Give an exact copy of the lines of the records below, starting at the line containing "Timbuk2 Catapult Sling" and running to the end.

Short text fragments from websites
────────────────────
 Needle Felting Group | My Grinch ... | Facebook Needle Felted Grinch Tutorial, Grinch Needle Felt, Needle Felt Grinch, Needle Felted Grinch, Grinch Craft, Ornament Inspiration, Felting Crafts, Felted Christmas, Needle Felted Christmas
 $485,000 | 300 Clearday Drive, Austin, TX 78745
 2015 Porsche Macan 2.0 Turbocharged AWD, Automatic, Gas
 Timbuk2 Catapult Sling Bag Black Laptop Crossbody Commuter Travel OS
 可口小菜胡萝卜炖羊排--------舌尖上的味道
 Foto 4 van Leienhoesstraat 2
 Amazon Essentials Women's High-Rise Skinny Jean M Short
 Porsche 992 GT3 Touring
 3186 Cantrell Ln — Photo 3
────────────────────
- _Worked solution_:
 Timbuk2 Catapult Sling Bag Black Laptop Crossbody Commuter Travel OS
 可口小菜胡萝卜炖羊排--------舌尖上的味道
 Foto 4 van Leienhoesstraat 2
 Amazon Essentials Women's High-Rise Skinny Jean M Short
 Porsche 992 GT3 Touring
 3186 Cantrell Ln — Photo 3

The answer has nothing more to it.